## AVAILABLE DATA
━━━━━━

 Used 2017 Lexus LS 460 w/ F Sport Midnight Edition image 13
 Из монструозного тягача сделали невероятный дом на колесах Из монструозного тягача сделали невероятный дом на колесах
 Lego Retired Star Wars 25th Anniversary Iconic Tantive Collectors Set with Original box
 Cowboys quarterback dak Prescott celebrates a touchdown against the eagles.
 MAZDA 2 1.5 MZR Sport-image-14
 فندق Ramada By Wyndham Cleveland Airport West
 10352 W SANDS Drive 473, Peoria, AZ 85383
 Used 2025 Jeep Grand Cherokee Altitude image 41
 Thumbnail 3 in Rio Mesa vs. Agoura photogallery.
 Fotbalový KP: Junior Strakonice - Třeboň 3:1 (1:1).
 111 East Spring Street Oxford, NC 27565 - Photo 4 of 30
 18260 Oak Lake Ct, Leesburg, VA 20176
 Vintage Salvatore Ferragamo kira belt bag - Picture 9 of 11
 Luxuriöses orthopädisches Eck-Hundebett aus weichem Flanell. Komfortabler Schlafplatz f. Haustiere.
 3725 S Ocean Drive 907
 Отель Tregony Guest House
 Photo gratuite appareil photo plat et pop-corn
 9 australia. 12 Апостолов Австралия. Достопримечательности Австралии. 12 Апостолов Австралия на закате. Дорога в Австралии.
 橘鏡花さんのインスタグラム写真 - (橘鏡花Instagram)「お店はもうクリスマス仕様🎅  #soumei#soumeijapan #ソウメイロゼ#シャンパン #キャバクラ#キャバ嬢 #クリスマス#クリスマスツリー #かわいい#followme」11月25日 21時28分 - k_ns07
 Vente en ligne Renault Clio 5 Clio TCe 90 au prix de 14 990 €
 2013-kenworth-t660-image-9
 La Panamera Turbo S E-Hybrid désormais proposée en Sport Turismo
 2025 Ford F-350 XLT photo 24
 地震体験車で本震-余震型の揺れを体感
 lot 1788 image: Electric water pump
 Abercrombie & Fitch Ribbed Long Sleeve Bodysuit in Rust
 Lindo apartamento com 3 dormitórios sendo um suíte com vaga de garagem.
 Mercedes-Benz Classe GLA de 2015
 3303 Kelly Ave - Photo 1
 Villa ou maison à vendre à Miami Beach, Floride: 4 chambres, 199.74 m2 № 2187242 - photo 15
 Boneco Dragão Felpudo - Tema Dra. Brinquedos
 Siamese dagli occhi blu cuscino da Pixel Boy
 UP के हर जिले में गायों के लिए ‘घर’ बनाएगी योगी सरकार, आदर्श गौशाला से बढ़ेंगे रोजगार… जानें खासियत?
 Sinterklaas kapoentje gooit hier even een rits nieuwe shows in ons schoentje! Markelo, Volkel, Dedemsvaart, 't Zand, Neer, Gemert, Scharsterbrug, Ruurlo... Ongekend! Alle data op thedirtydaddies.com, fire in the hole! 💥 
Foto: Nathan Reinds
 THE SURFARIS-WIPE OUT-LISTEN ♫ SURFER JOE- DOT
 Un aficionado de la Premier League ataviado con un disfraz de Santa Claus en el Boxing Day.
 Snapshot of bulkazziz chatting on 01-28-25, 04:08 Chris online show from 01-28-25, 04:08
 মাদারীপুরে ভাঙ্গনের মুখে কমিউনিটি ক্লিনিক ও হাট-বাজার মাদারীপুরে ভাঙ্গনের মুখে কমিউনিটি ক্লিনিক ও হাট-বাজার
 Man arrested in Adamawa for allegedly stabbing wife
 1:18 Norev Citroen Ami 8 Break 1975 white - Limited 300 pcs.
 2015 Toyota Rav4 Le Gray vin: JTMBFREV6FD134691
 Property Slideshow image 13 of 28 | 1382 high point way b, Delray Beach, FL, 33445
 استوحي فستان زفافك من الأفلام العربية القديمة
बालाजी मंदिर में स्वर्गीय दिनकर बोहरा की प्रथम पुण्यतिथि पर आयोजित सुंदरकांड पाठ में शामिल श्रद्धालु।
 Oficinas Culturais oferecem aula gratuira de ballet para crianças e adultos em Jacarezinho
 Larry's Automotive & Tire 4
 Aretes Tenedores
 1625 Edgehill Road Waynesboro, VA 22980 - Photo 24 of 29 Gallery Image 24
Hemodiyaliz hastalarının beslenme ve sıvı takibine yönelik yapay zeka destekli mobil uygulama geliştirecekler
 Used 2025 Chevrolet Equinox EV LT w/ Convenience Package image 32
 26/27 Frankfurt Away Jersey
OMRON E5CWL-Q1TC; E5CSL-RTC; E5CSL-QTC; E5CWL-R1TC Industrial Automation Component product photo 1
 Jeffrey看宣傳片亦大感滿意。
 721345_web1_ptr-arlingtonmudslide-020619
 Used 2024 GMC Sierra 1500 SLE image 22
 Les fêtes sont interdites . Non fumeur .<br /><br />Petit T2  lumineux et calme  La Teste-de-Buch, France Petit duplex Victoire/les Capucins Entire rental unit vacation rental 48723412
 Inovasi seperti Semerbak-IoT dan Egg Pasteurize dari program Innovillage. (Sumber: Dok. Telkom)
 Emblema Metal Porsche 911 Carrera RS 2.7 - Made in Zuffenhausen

━━━━━━

## WHAT THE EXERCISE ASKS
Among the records above, a stretch begins at the line containing "Foto: Nathan Reinds" and ends at the line containing "Snapshot of bulkazziz". Restate that stretch word for word, and nothing else.

## EXERCISE RESPONSE
Foto: Nathan Reinds
 THE SURFARIS-WIPE OUT-LISTEN ♫ SURFER JOE- DOT
 Un aficionado de la Premier League ataviado con un disfraz de Santa Claus en el Boxing Day.
 Snapshot of bulkazziz chatting on 01-28-25, 04:08 Chris online show from 01-28-25, 04:08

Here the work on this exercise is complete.